Machine learning (ML) is everywhere now. It may not be the flexible, general artificial intelligence promised by science fiction stories, but it’s a powerful alternative to rules engines and brute force image and voice recognition systems. But one big problem remains: Modern AI is composed of black-box systems that are only as good as their training data.

The underlying nature of the ML-powered modules we drop into our applications and services raises new questions about how we design our applications. If we don’t know exactly how an application makes decisions, how can we inform its operators and users? We need some way to design that mix of certainty and uncertainty into our code so that we can show users that, while applications make decisions, they need to remain aware of algorithmic bias and other fundamental sources of error.

Two concepts come to the fore: one is the issue of AI explainability and the other is the more complex issue of responsible use of AI. The first is hard to deal with because the complexities of a trained deep learning neural network are very difficult to understand, let alone explain. The second is a multilayered issue that starts with your choice of data sets and training data and ends up with how you show that machine learning has been used.

Introducing HAX

If we’re to drive the use of responsible AI, then we need tools to help the entire development team understand what they’re doing and show them how their choices affect end users. We need to be able to at least minimize—if not avoid—the harm our applications can cause. That’s where Microsoft Research’s new Human-AI eXperience (HAX) toolkit comes in, providing a framework to help us choose how we work with these new technologies and how we use design to keep users informed. HAX builds on work published in a 2019 paper, turning its research concepts into practical tools.

As developers, we often forget about design. After all, it’s just chrome to keep users happy. But a modern software development life cycle needs to embed design from the very early stages of a project, rapidly iterating design alongside code as part of a prototype-driven agile development model. User-centered design is as much a part of requirements gathering as business analysis and systems architecture.

HAX aims to provide tools that can fit into any software development life cycle, informing and guiding without changing the way you work. It’s a big challenge but a necessary one. We need to be able to bake responsible AI usage into our processes in a way that still lets us benefit from the technology. Responsible AI needs to be considered in our UI models as well. Our machine learning applications may not have a user interface but may still be part of an interaction with users.
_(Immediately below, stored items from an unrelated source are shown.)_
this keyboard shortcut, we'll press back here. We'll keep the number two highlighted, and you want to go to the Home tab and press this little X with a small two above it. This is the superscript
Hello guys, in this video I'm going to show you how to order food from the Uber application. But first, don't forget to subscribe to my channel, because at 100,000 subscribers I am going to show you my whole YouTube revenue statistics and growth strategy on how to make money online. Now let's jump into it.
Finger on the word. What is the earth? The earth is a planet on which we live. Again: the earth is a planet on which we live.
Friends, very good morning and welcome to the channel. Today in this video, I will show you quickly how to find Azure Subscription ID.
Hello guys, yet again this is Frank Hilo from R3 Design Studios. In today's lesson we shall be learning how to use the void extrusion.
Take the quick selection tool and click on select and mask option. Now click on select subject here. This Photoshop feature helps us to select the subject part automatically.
How do we show responsible use of image recognition techniques in a computer vision-based safety tool that shuts dangerous machines down when someone wanders into a space that’s considered risky? There’s no application UI, so can we design appropriate signage as part of our application design? The approach taken by HAX should help here, as it helps you ask the right questions as part of the development process.

Working with HAX

At the heart of HAX is a set of guidelines built from 18 best practices that you can use to guide interactions between users and your systems. They’re presented as design patterns in a series of cards, color-coded by when you might want to use them in an application. They represent four different interaction zones: before an interaction, during an interaction, when something goes wrong, and how a system should work with users over a longer period.
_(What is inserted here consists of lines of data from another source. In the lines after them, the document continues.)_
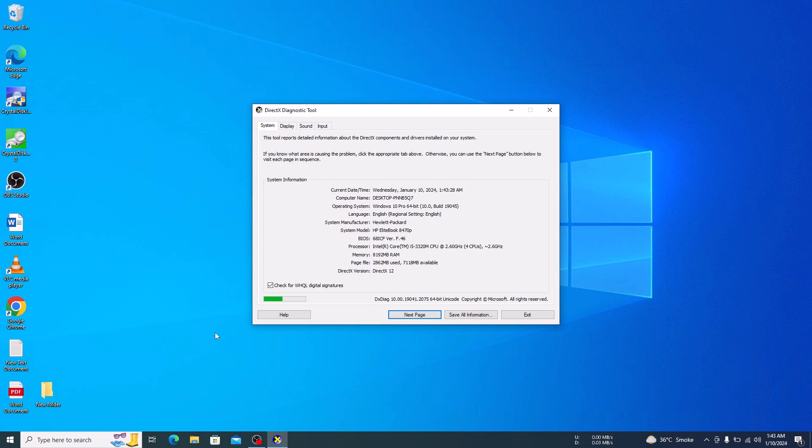This will open the DirectX Diagnostic tool. Navigate to the Display tab.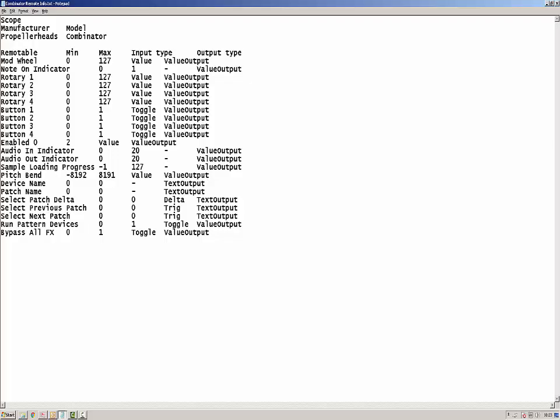Hi there, welcome to today's tutorial on remote info files. What are these files? Well, they are just a plain text file that lists all the available remote items for a single device in your Reason rack.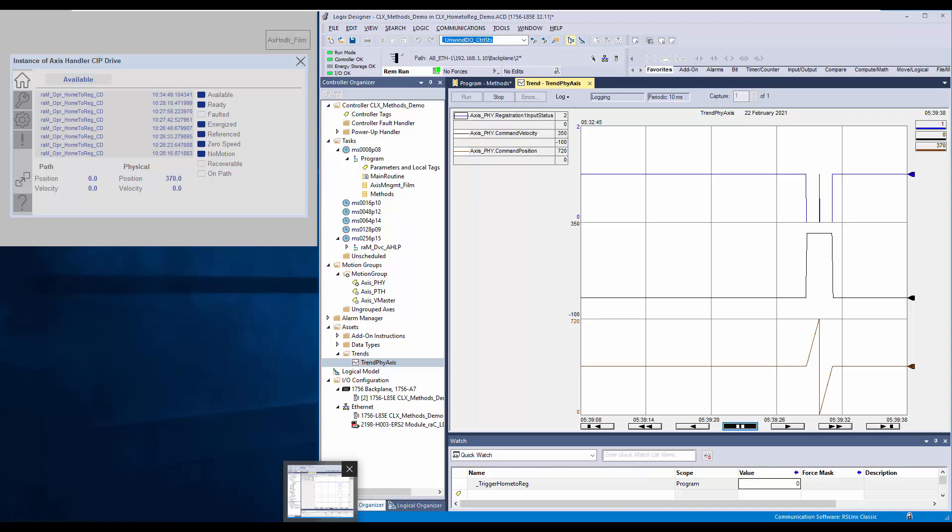You can notice from the trend, the axis has started moving from here. The axis continues running for one more product length plus offset, thus finally reaching at position 360 plus 10, which is 370.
The various cards are presented in an interactive design library that adds examples of the various interactions. The first guideline card suggests describing what the system does, providing an effective introduction to the tool you’re presenting. Samples include showing how productivity tools use machine learning, such as how Word uses natural language processing as part of its text prediction service.

However, it’s the set of guidelines that focuses on handling uncertainty that is probably the most useful. We often assume that our applications will work perfectly and our users will understand our intent, so it’s important to have best practices that explicitly call out when things don’t work. To a certain extent, these guidelines are an argument for clarity in our UI copy and for graceful fallbacks in the event of failure.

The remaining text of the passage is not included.